Generated motions will be saved as:
* `output_dir/joints_npy/xx.npy` - xyz pose sequence
* `output_dir/xx.mp4` - visual animation

Output directory is located in the checkpoint folder like `checkpoints/t2m/luma_humanml3d/samples_*/`.

## 🧠 MoCLIP Training (Optional)

LUMA uses MoCLIP (Motion-aware CLIP) for better text-motion alignment. You can optionally train your own MoCLIP model or use our pre-trained ones.

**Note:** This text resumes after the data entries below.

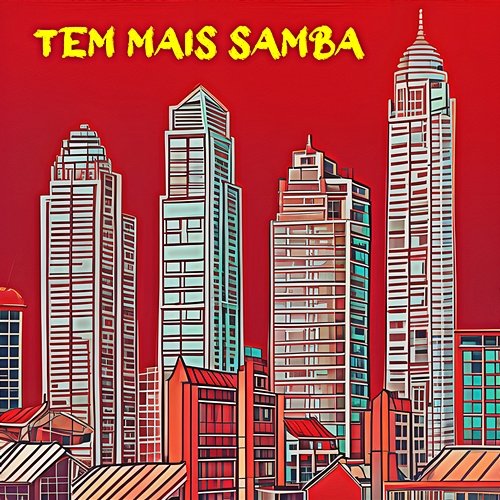 Tem Mais Samba Arnold Reidy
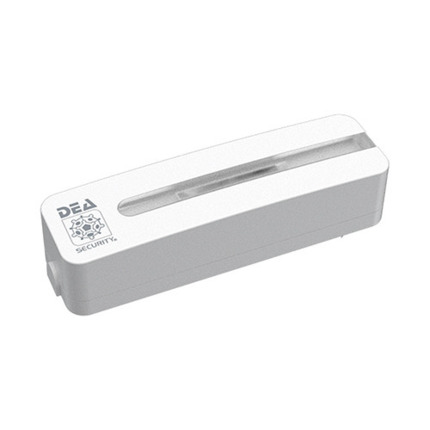 Comprar SN-SPCP-FDR1 Sensor de impacto para puertas y ventanas ajustable mediante App. Grado 3.Necesita Dongle ref. DG-DEA-WF2
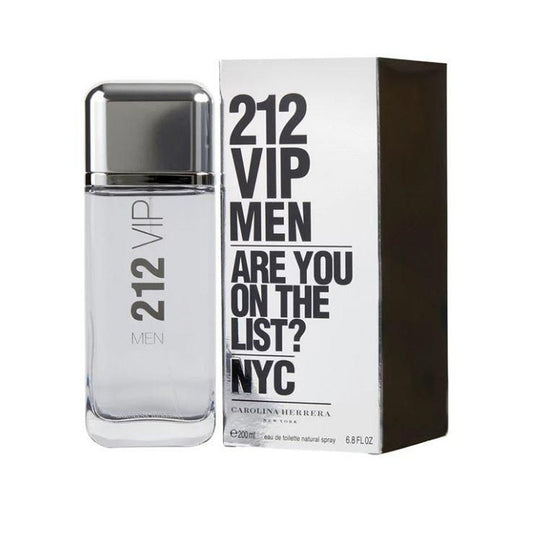 Carolina Herrera 212 VIP Men EDT Perfume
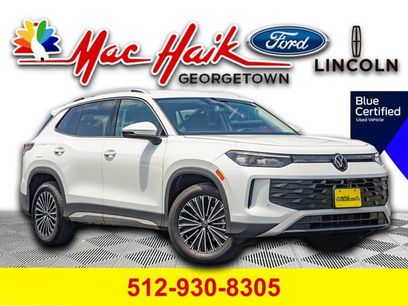 Used 2025 Volkswagen Tiguan S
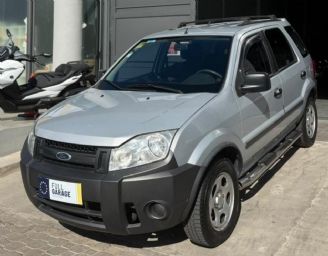 Ford EcoSport Usado en Córdoba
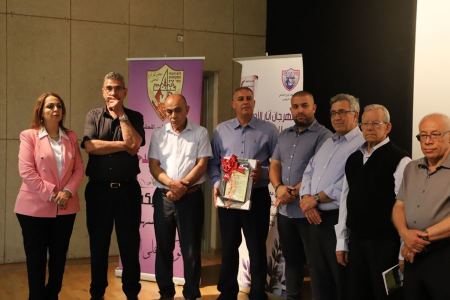 كفرقرع : مهرجان أيار الأدبي الأوّل للبقاء والانتماء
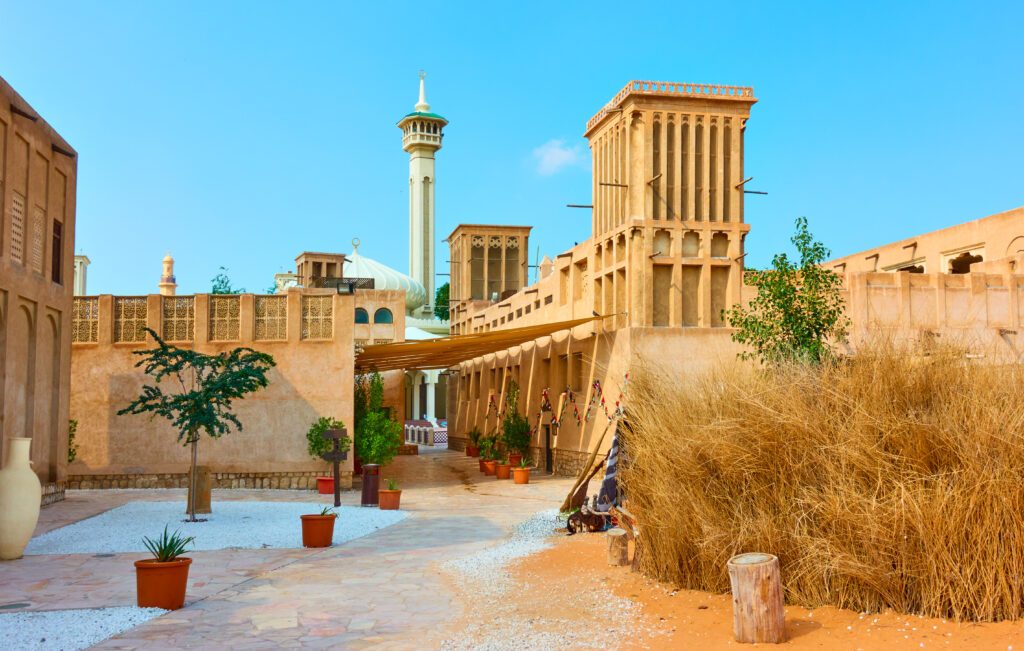 Al Fahidi le quartier historique de Dubai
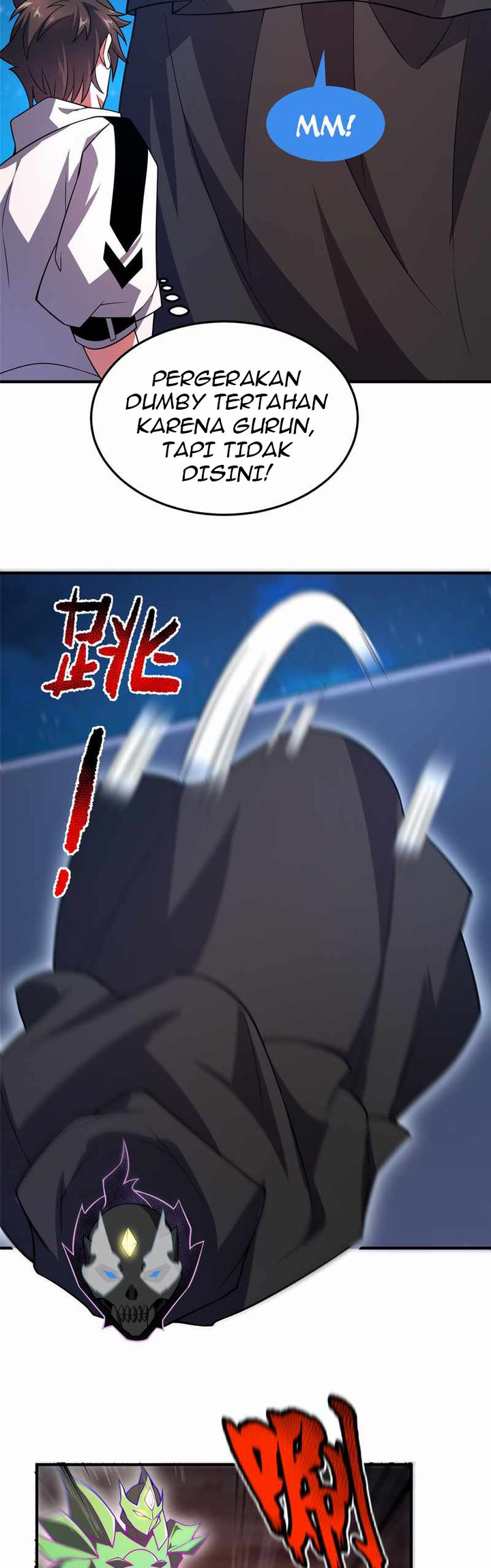 Toaru Ossan no VRMMO Katsudouki Chapter 86.2 - halaman 6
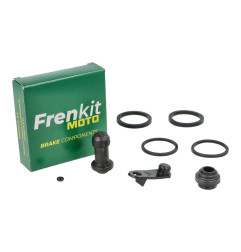 FRENKIT MOTO 2026/05 ZESTAW NAPRAWCZY ZACISKU HAMULCOWEGO NISSIN PRZÓD HONDA CB 500 X '13-'22, CB 1000 R '08-'14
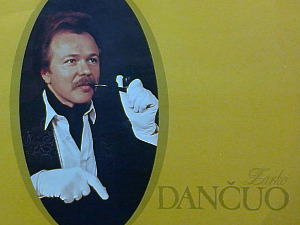 	Портрет - Жарко Данчуо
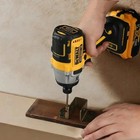 Dewalt Dcd887 20v Lithium - Ion Brushless Cordless Impact Drill   Screwdriver -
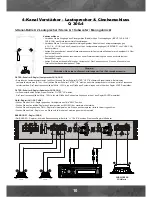 Предварительный просмотр 10 страницы ESX Q 200.2 Owner'S Manual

### Train MoCLIP on HumanML3D

```bash
python train_moclip.py --dataset_name t2m --exp_name moclip_humanml3d --batch_size 32 --num_epochs 30
```

### Train MoCLIP on KIT-ML

```bash
python train_kit_moclip.py --exp_name moclip_kit --batch_size 32 --num_epochs 50
```

### MoCLIP Training Arguments

* `--exp_name`: Experiment name for saving checkpoints
* `--dataset_name`: Dataset name (`t2m` for HumanML3D, `kit` for KIT-ML)
* `--batch_size`: Training batch size
* `--learning_rate`: Learning rate (default: 1e-4)
* `--num_epochs`: Number of training epochs
* `--freeze_clip`: Freeze CLIP parameters for faster training
* `--input_dim`: Motion input dimension (263 for T2M, 251 for KIT)
* `--embed_dim`: Embedding dimension (default: 768)
* `--temperature`: Contrastive learning temperature (default: 0.07)

### Pre-trained MoCLIP Models

If you don't want to train from scratch, you can use our pre-trained MoCLIP models:

* **HumanML3D**: `./checkpoints/moclip_training/best_model.pt`
* **KIT-ML**: `./checkpoints/moclip_kit_training/best_model.pt`

These models are automatically loaded when training LUMA with the `--moclip_model_path auto` argument.